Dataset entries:
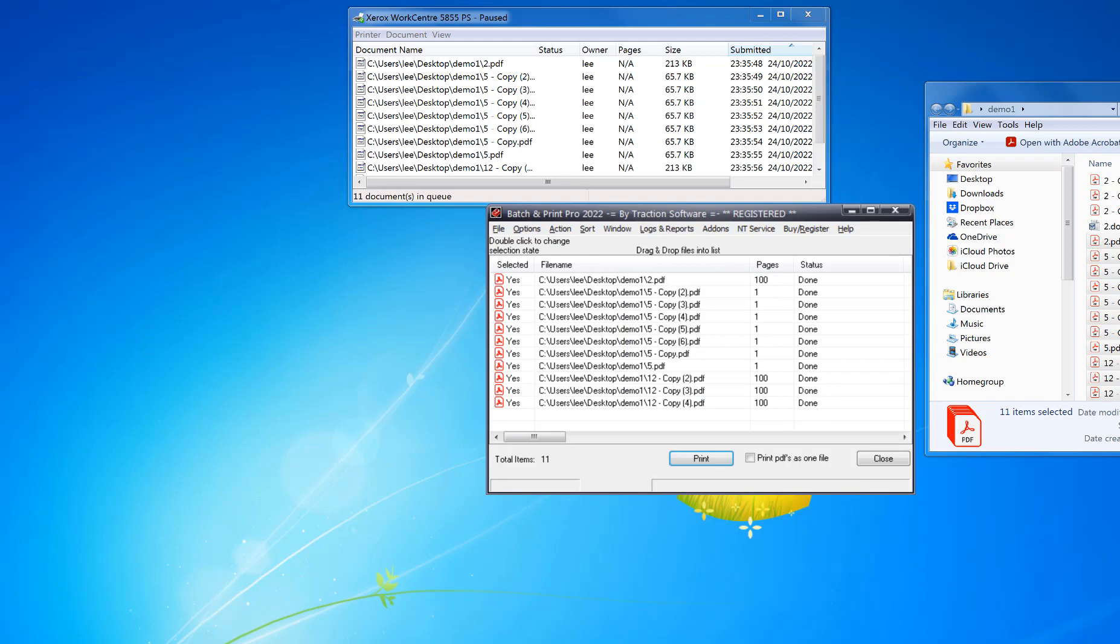You can find the link to the software in the description and also on pdftips.com. Check it out.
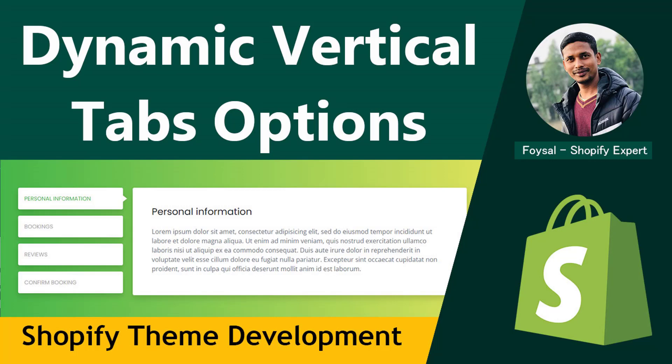Hey there, welcome to my YouTube channel. In this tutorial I'm going to show you how to add vertical dynamic tabs in your Shopify theme. So if you're looking for Shopify theme development tutorials or wanted to learn Shopify theme development from scratch or wanted to add such a feature in your Shopify online store, then you can continue this video. Let's get started.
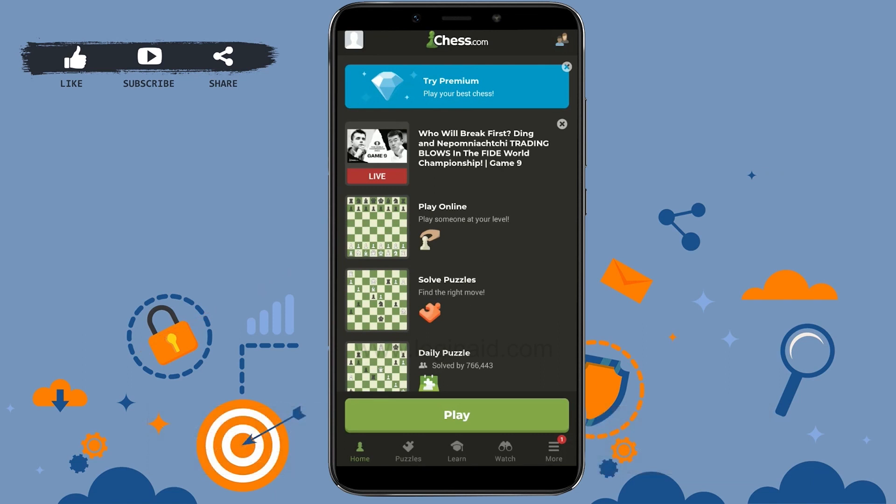When pre-moves are enabled, while it's the opponent's turn you can make a move to automatically be played as soon as they make their move. To do this simply you need to move the piece if it were your turn. The move will be highlighted in red on the board.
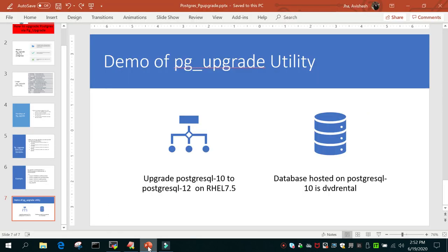We used -c to check whether the cluster could be upgraded, then fired the same command without -c and upgraded successfully. We started the new cluster, changed the port back to 5432, and verified that all databases were copied over. This was all about the pg_upgrade utility to upgrade PostgreSQL 10 to PostgreSQL 12 on RHEL 7.5. I hope this helps — all commands will be in the comment section. Thanks for watching.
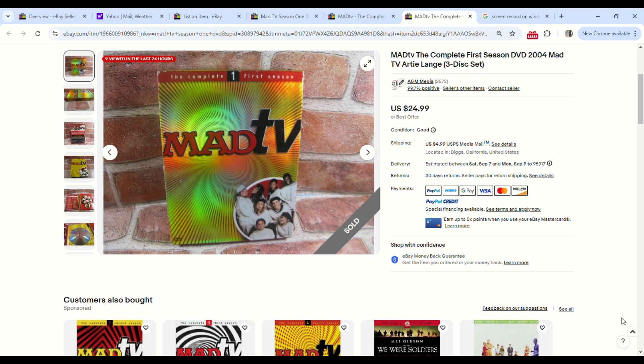We just listed this on September 2nd and it sold September 5th for $24.99. This is actually the second copy that we've come across. They're pretty cheap, usually a buck or two.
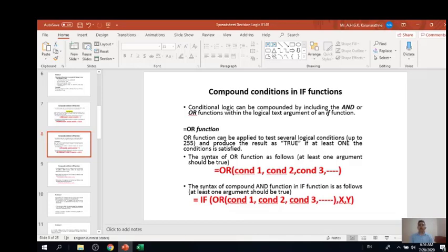Similar to the AND function, the OR function can be applied to test several logical conditions and produce the result as true if at least one condition is satisfied. When it comes to the AND formula and function, you need to satisfy all the conditions — all the arguments in the function. You can have up to 255 arguments. If all the arguments satisfy, the function will give you the result as true, otherwise false.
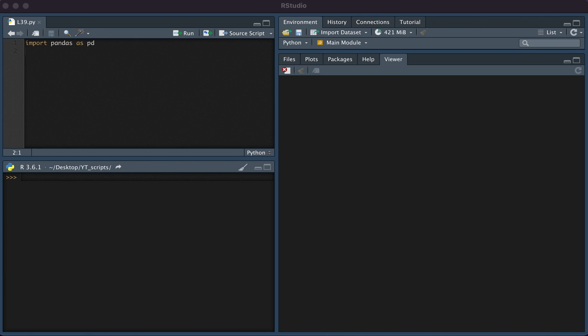In this video, we will be discussing how to read in files in Python. The package that we'll be using for this tutorial is pandas. On line one, we're going to import pandas.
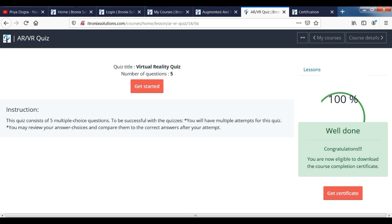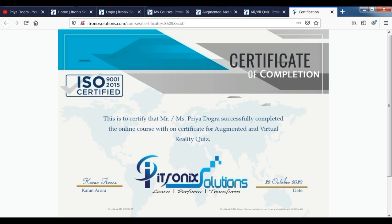You can see that I have completed two quizzes here. Now I want to tell you how to get the certificate. For the certificate, you have an option — just click there. As you click there, it will show that you have 100% completed your quiz and you can download your complete certificate. As you click on the certificate, you can see that you will get the certificate from the iTronic solution.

Try it =>
Write out the data above in full and exactly, but without the pictures.

Task answer =>
You can find the link to the software in the description and also on pdftips.com. Check it out.
Hey there, welcome to my YouTube channel. In this tutorial I'm going to show you how to add vertical dynamic tabs in your Shopify theme. So if you're looking for Shopify theme development tutorials or wanted to learn Shopify theme development from scratch or wanted to add such a feature in your Shopify online store, then you can continue this video. Let's get started.
When pre-moves are enabled, while it's the opponent's turn you can make a move to automatically be played as soon as they make their move. To do this simply you need to move the piece if it were your turn. The move will be highlighted in red on the board.
We used -c to check whether the cluster could be upgraded, then fired the same command without -c and upgraded successfully. We started the new cluster, changed the port back to 5432, and verified that all databases were copied over. This was all about the pg_upgrade utility to upgrade PostgreSQL 10 to PostgreSQL 12 on RHEL 7.5. I hope this helps — all commands will be in the comment section. Thanks for watching.
We just listed this on September 2nd and it sold September 5th for $24.99. This is actually the second copy that we've come across. They're pretty cheap, usually a buck or two.
Similar to the AND function, the OR function can be applied to test several logical conditions and produce the result as true if at least one condition is satisfied. When it comes to the AND formula and function, you need to satisfy all the conditions — all the arguments in the function. You can have up to 255 arguments. If all the arguments satisfy, the function will give you the result as true, otherwise false.
In this video, we will be discussing how to read in files in Python. The package that we'll be using for this tutorial is pandas. On line one, we're going to import pandas.
You can see that I have completed two quizzes here. Now I want to tell you how to get the certificate. For the certificate, you have an option — just click there. As you click there, it will show that you have 100% completed your quiz and you can download your complete certificate. As you click on the certificate, you can see that you will get the certificate from the iTronic solution.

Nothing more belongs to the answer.